Gregg was with the only five-time winner, male or female, of the American Birkebeiner ski marathon until Alayna Sonnesyn won her 5th in 2026. They are now tied at 5 wins each. She won the race in 2011, 2013, 2014, 2016, and 2018, skiing the 2016 race with a broken toe.
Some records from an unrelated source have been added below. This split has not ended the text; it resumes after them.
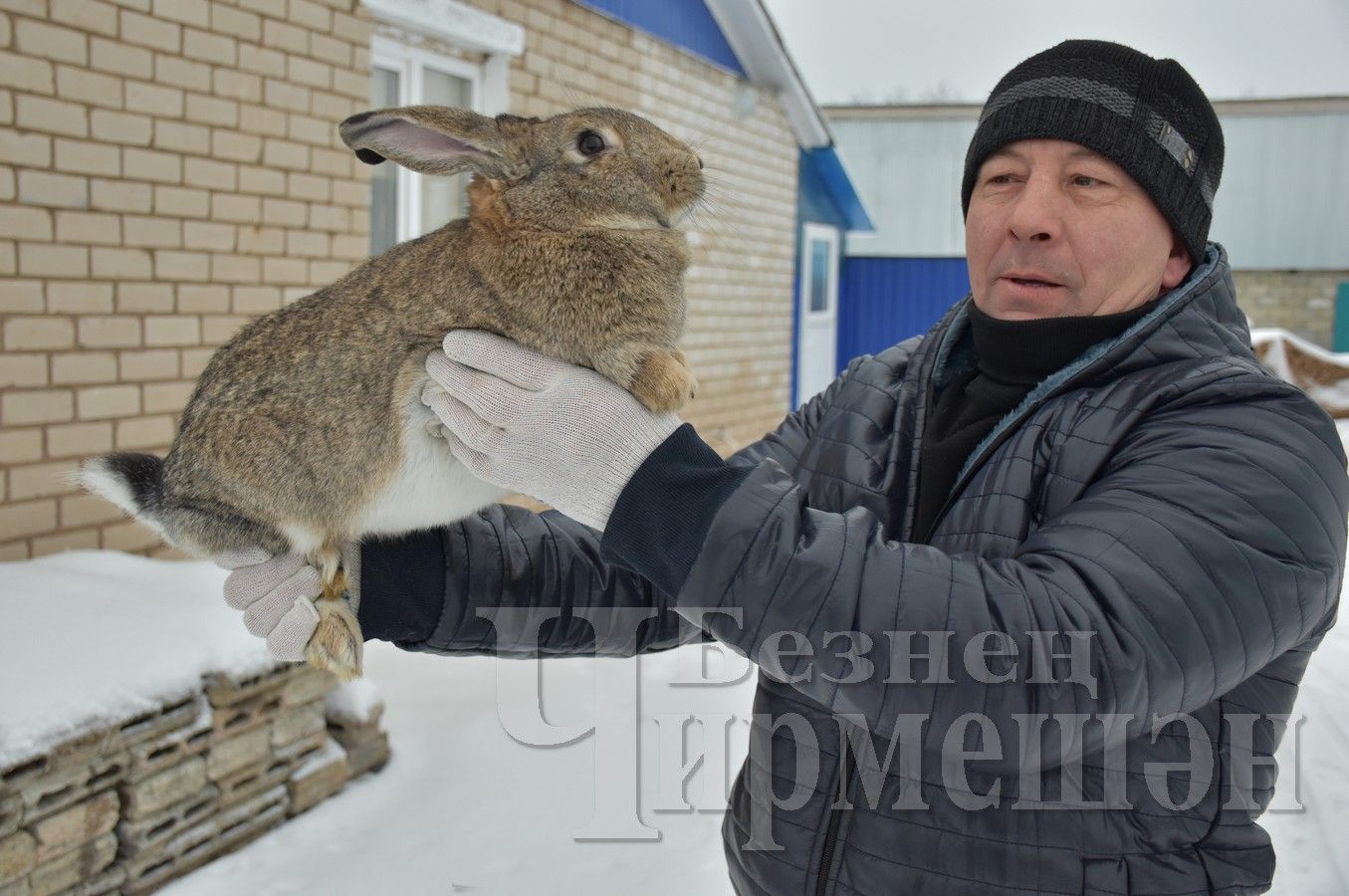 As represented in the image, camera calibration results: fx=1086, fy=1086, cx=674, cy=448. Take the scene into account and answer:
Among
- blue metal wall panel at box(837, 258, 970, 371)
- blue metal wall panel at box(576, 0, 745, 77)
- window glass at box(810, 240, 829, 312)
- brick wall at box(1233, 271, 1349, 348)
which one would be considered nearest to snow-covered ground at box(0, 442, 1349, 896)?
blue metal wall panel at box(576, 0, 745, 77)

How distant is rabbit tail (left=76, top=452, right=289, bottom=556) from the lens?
1760mm

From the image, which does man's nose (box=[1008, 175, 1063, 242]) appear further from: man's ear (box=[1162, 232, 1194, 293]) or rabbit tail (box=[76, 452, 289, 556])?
rabbit tail (box=[76, 452, 289, 556])

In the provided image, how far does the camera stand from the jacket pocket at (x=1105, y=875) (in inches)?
55.1

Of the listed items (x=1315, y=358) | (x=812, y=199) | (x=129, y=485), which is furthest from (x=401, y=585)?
(x=1315, y=358)

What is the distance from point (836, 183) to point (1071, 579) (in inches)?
394

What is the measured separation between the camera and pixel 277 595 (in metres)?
1.75

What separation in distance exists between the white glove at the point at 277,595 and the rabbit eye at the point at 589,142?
0.84m

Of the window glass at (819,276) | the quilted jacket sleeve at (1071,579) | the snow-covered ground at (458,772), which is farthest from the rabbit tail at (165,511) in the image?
the window glass at (819,276)

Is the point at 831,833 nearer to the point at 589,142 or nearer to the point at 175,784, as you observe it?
the point at 589,142

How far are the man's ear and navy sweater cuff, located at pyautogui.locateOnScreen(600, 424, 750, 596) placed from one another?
0.88 metres

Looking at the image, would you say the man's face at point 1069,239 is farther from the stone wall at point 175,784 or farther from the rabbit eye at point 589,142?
the stone wall at point 175,784

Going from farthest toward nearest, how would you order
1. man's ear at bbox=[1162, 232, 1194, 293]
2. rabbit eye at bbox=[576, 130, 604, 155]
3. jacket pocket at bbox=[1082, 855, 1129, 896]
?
rabbit eye at bbox=[576, 130, 604, 155] → man's ear at bbox=[1162, 232, 1194, 293] → jacket pocket at bbox=[1082, 855, 1129, 896]

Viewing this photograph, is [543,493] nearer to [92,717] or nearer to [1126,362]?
[1126,362]

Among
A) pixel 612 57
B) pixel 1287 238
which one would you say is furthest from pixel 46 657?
pixel 1287 238
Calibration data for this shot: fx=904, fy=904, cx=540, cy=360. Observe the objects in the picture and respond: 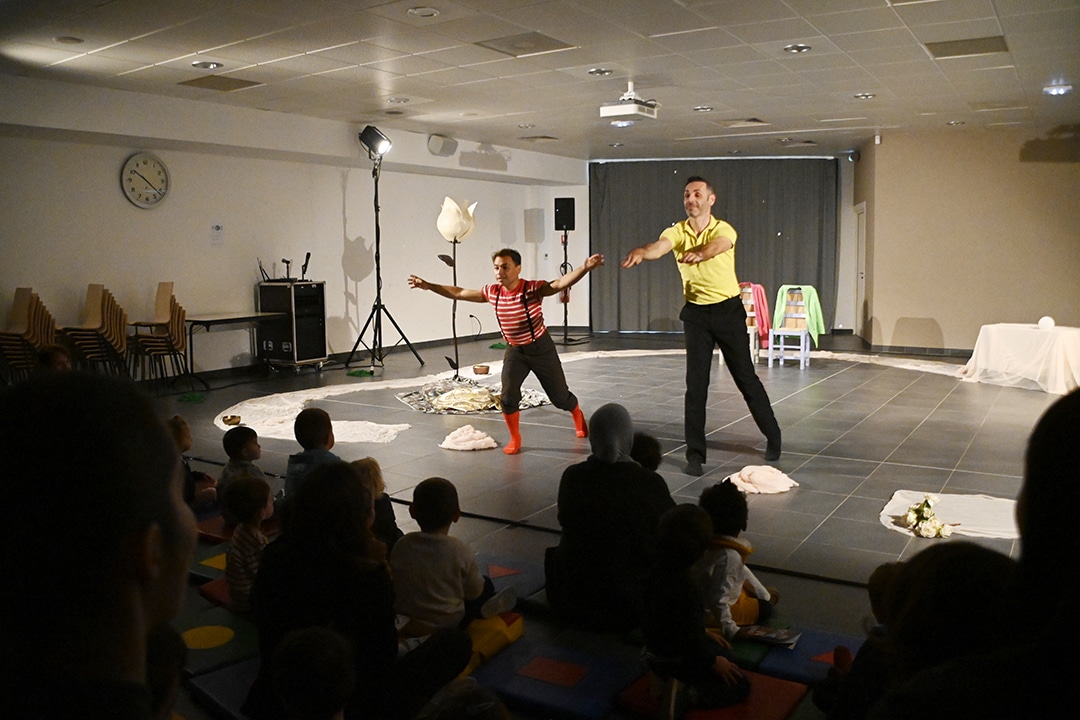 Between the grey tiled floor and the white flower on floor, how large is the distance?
2.2 inches

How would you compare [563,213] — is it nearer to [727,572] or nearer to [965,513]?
[965,513]

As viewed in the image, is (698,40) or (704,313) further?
(698,40)

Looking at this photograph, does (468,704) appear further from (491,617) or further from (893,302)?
(893,302)

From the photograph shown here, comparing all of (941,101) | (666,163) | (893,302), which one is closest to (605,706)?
(941,101)


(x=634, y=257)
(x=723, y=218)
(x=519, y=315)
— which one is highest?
(x=723, y=218)

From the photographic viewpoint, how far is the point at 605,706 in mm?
2488

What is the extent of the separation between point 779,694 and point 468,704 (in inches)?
36.7

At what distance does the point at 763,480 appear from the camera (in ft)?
15.8

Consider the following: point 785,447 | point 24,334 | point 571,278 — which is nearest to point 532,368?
point 571,278

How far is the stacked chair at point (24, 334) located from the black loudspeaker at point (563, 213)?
7.18 m

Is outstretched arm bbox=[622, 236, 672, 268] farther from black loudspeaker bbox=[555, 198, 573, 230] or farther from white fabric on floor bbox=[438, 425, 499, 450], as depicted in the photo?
black loudspeaker bbox=[555, 198, 573, 230]

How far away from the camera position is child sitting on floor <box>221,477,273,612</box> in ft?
10.1

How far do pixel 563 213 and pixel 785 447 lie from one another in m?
7.80

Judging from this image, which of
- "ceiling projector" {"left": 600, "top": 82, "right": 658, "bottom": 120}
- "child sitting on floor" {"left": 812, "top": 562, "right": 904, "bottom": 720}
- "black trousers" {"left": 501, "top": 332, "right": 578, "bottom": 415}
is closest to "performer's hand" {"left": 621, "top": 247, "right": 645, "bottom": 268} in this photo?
"black trousers" {"left": 501, "top": 332, "right": 578, "bottom": 415} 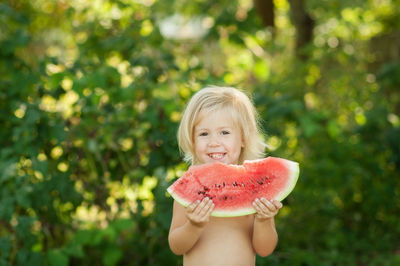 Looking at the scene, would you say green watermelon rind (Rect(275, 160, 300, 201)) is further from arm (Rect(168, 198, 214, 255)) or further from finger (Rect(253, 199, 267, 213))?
arm (Rect(168, 198, 214, 255))

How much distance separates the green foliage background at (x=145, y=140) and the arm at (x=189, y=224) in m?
0.99

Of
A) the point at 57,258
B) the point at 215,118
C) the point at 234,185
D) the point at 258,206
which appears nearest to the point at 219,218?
the point at 234,185

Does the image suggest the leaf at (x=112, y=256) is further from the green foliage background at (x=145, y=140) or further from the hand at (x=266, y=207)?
the hand at (x=266, y=207)

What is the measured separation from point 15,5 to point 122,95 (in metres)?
2.92

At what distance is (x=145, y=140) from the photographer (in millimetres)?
3393

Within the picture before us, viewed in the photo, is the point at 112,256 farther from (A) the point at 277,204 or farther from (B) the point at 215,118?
(A) the point at 277,204

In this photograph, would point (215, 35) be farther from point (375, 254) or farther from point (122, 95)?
point (375, 254)

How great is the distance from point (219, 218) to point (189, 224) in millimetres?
200

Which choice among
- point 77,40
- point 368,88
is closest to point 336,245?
point 368,88

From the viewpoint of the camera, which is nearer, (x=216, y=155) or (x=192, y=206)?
(x=192, y=206)

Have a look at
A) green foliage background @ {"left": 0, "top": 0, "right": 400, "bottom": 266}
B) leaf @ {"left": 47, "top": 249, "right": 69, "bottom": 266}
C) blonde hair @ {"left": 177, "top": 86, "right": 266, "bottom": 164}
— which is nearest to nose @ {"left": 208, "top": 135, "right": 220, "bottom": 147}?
blonde hair @ {"left": 177, "top": 86, "right": 266, "bottom": 164}

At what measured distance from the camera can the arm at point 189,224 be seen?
1.75 metres

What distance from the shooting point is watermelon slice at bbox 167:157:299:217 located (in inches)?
72.1

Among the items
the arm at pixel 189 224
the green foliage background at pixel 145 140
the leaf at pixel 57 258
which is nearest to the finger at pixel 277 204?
the arm at pixel 189 224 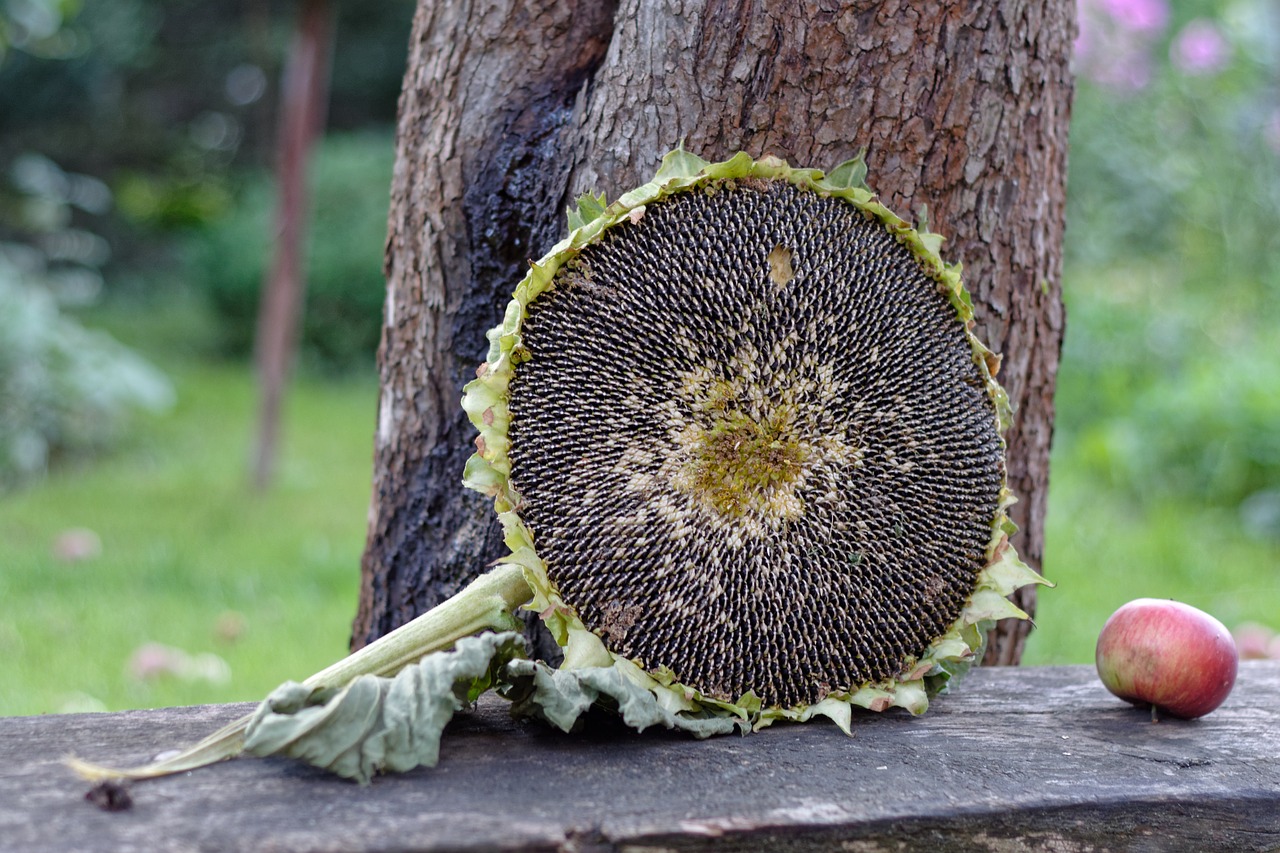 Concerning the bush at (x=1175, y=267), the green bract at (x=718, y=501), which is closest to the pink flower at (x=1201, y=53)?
the bush at (x=1175, y=267)

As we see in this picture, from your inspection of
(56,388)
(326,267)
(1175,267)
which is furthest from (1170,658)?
(326,267)

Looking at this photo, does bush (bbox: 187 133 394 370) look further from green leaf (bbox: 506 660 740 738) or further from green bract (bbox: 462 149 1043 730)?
green leaf (bbox: 506 660 740 738)

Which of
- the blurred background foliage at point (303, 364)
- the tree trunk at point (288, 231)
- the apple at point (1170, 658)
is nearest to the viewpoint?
the apple at point (1170, 658)

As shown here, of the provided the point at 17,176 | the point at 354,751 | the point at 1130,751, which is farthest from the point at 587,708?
the point at 17,176

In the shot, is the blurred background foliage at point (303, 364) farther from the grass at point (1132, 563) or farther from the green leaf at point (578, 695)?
the green leaf at point (578, 695)

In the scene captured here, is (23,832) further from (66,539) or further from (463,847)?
(66,539)

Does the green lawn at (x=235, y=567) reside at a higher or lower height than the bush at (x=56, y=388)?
lower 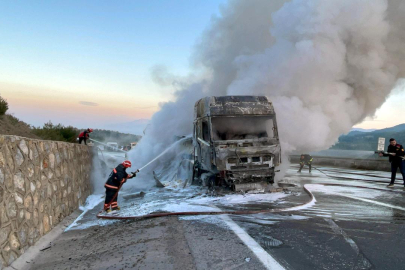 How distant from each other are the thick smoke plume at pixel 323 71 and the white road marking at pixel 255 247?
8050 mm

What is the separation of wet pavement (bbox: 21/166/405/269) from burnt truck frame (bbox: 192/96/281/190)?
1070mm

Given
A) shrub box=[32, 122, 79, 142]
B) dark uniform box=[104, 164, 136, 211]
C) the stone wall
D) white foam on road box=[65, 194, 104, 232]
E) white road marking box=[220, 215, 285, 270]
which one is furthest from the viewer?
shrub box=[32, 122, 79, 142]

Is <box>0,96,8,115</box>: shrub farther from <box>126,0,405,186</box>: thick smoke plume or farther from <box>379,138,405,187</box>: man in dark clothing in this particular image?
<box>379,138,405,187</box>: man in dark clothing

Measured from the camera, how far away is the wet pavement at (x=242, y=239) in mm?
3934

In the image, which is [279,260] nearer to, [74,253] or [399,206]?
[74,253]

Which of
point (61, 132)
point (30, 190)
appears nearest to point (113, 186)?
point (30, 190)

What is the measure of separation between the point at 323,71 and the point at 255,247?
12.4 m

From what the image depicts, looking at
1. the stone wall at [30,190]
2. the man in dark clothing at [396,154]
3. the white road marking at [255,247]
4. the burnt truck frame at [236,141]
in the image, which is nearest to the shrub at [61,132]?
the stone wall at [30,190]

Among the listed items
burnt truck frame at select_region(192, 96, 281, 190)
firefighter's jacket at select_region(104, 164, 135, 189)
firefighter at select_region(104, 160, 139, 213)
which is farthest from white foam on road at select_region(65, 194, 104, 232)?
burnt truck frame at select_region(192, 96, 281, 190)

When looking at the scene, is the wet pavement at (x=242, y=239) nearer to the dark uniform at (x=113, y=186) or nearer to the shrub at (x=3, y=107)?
the dark uniform at (x=113, y=186)

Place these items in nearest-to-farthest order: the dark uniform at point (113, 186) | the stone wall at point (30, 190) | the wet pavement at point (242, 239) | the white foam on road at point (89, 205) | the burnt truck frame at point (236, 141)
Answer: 1. the wet pavement at point (242, 239)
2. the stone wall at point (30, 190)
3. the white foam on road at point (89, 205)
4. the dark uniform at point (113, 186)
5. the burnt truck frame at point (236, 141)

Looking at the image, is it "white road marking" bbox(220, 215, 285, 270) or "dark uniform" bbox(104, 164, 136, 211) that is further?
"dark uniform" bbox(104, 164, 136, 211)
Gregg had had the course record in the women's freestyle technique in 2011 with a winning time of 2:15:26.0, until 2026 when Alayna Sonnesyn skied the course in 2:08:10.

==Cross-country skiing results==
All results are sourced from the International Ski Federation (FIS).

===Olympic Games===

| Year | Age | 10 km individual | 15 km skiathlon | 30 km mass start | Sprint | 4 × 5 km relay | Team sprint |
|---|---|---|---|---|---|---|---|
| 2010 | 29 | 30 | 42 | — | — | 11 | 6 |

===World Championships===

| Year | Age | 10 km individual | 15 km skiathlon | 30 km mass start | Sprint | 4 × 5 km relay | Team sprint |
|---|---|---|---|---|---|---|---|
| 2007 | 26 | 60 | — | DNF | — | 14 | — |
| 2009 | 28 | — | 58 | 47 | — | 13 | — |
| 2015 | 34 | Bronze | — | — | — | — | — |
| 2017 | 36 | — | — | 36 | — | — | — |

===World Cup===
====Season standings====

| Season | Age | Season standings |  |  | Ski Tour standings |  |  |  |
| Overall | Distance | Sprint | Nordic Opening | Tour de Ski | World Cup Final | Ski Tour Canada |
| 2009 | 28 | NC | NC | — | —N/a | — | — | —N/a |
| 2010 | 29 | 94 | 67 | NC | —N/a | — | — | —N/a |
| 2013 | 32 | NC | — | NC | — | — | — | —N/a |
| 2014 | 33 | NC | NC | NC | — | — | 37 | —N/a |
| 2015 | 34 | 99 | 67 | NC | 68 | — | —N/a | —N/a |
| 2016 | 35 | 73 | 46 | NC | 68 | 42 | —N/a | 33 |

==Personal life==
Since May 21, 2011, Caitlin Compton Gregg is married to fellow cross-country skier Brian Gregg.